Non è successo nulla, ma figurati! Torno a Milano, dopo qualche giorno mi arrivano due cartoline di Florence da Neuchatel “Caro Riccardo, pensi sempre a ti, alla tue poesie, mi mestruaccion non ancora arivati, spero tu stia bene e che prendi patente per essere indipendente, tanti baci e tanti caresse, Florence”. Mi mestruaccion non ancora arivati? Dio mio, nooooo. Ma come è possibile? Ma le donne sono tutte matte? Ma quale indipendenza? Ho ancora una lunga carriera da figlio di Aldo Farina, l’ingegnere, non scherziamo! Per la cronaca: ho 53 anni e sono ancora il figlio di Aldo Farina, anche se papà non c’è più. Non ho un lavoro, non sono sposato, e non ho figli… che io sappia… mai più sentita, mai più, nevermore!
Siamo tutti fantasmi, la carne è la grande illusione della vita, citando un famoso film francese. Florence, se hai avuto un figlio dal sottoscritto, spero che sia cresciuto bene, che sia bello, intelligente e sensibile e che ti abbia reso una madre felice, mi raccomando però, se leggi questo pezzo, che non ti salti in mente di contattare la redazione del Fatto! Io non ho soldi e mamma non può mantenere un nipotino che viene dal mio passato, sarebbe troppo anche per la mia mammina.
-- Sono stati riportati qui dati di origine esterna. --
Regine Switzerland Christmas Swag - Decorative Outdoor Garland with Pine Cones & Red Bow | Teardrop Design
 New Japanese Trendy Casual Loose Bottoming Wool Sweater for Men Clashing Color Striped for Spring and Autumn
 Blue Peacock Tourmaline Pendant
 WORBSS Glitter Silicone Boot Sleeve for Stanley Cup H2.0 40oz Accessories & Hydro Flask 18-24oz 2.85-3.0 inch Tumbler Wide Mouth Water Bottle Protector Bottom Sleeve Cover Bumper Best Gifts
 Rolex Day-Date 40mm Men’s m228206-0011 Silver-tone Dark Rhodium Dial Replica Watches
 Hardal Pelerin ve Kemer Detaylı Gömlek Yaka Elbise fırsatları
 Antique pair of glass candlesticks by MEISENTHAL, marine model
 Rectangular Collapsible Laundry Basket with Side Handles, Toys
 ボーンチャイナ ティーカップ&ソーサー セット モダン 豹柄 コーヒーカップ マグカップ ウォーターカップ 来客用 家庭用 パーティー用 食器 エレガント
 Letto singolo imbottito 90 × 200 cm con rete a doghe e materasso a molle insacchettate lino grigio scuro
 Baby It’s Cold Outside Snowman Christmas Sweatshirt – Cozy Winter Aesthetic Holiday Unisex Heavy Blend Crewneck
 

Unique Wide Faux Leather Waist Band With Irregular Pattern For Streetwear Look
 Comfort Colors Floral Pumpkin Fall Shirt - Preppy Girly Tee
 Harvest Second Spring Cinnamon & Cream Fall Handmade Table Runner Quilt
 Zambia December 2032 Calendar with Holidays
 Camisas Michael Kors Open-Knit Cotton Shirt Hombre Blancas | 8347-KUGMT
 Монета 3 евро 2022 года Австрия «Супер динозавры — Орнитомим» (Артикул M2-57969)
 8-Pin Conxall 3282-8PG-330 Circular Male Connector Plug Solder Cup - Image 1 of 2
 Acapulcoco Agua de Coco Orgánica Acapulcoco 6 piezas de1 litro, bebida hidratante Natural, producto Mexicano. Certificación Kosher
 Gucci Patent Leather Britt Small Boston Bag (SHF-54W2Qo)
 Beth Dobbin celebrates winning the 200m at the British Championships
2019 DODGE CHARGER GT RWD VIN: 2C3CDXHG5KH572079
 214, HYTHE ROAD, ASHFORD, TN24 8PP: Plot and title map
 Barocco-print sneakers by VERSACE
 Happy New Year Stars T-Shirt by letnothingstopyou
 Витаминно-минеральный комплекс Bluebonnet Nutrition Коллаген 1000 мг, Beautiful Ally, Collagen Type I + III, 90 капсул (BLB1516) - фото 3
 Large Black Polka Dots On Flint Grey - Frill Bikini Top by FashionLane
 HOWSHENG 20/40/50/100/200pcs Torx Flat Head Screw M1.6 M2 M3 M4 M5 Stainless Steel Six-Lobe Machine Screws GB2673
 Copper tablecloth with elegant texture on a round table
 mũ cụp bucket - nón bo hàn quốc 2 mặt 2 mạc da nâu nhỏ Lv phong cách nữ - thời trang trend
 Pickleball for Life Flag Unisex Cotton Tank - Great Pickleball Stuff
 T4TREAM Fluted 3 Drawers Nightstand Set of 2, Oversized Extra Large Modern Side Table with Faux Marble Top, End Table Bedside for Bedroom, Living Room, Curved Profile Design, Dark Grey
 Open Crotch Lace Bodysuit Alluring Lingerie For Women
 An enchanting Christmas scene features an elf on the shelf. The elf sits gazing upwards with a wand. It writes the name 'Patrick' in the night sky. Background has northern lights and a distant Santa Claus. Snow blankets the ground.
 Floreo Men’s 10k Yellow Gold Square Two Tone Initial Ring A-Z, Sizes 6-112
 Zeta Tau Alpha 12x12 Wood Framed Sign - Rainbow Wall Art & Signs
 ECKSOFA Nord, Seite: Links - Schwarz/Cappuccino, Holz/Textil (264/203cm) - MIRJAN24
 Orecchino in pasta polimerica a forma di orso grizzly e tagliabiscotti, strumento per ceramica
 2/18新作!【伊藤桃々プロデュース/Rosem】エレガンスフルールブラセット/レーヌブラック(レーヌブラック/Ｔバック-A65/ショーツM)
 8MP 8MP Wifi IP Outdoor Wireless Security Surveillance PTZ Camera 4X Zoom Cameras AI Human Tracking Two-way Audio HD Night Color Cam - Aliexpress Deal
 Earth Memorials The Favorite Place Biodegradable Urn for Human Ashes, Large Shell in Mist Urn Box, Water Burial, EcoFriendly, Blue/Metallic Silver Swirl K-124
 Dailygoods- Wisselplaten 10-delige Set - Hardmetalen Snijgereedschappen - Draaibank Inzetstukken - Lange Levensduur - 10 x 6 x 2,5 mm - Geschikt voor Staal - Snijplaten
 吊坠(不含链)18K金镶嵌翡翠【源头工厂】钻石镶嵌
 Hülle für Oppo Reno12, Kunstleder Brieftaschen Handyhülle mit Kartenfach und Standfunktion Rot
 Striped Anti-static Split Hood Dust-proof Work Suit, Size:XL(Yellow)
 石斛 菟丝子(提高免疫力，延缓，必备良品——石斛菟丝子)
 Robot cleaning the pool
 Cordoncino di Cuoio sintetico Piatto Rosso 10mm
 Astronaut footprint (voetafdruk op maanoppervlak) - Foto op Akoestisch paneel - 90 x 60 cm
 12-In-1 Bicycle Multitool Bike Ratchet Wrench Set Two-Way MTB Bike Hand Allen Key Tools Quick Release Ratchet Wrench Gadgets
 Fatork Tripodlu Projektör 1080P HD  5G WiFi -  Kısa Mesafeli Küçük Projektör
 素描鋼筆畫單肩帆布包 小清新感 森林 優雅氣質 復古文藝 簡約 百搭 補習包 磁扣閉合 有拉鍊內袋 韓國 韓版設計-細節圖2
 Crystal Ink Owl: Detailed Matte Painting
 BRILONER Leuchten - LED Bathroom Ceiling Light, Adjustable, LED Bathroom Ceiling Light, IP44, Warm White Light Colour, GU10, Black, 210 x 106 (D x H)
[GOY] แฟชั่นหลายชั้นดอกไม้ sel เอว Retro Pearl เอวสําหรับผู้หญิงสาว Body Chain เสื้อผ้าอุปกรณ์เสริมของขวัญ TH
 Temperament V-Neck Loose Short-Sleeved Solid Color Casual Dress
Tutte le persone che vedete, che frequentate, tutte sono destinate a diventare ectoplasmi, evanescenze, magie di un passato vivente, e quindi amatele, amatele con tutto il vostro cuore, ora che potete ancora abbracciarle, mentre la clessidra del tempo fa scorrere inesorabilmente i granelli della nostra carne.
Toccatevi, toccatevi pure, in ogni senso. Anche io mi tocco ora, sperando che Florence non legga questo post. E se avesse veramente avuto un figlio o una figlia? Chissà perché mi immagino un maschietto, forse un giorno busserà alla mia porta un uomo dall’accento francese e mi dirà: “Papà, je suis Richard, sono tuo figlio e di Florence” e io gli risponderò “No, cherie, Richard sono io! E sono un ectoplasma, una evanescenza in atto, non vedi? Ora chiudo la porta e non mi vedrai più, scomparso per sempre”. Slam. E poi andrei a piangere sul divano, pensando a quel meraviglioso agosto, folle e sensuale, quando Florence succhiò le mie dita dei piedi, una a una, prima di domarmi il suo corpo, con una spirale traballante, ma tanta dolcezza e tanta passione, mentre la clessidra del tempo scorre, portandosi via i granelli della nostra carne, fino all’evanescenza definitiva. Fin.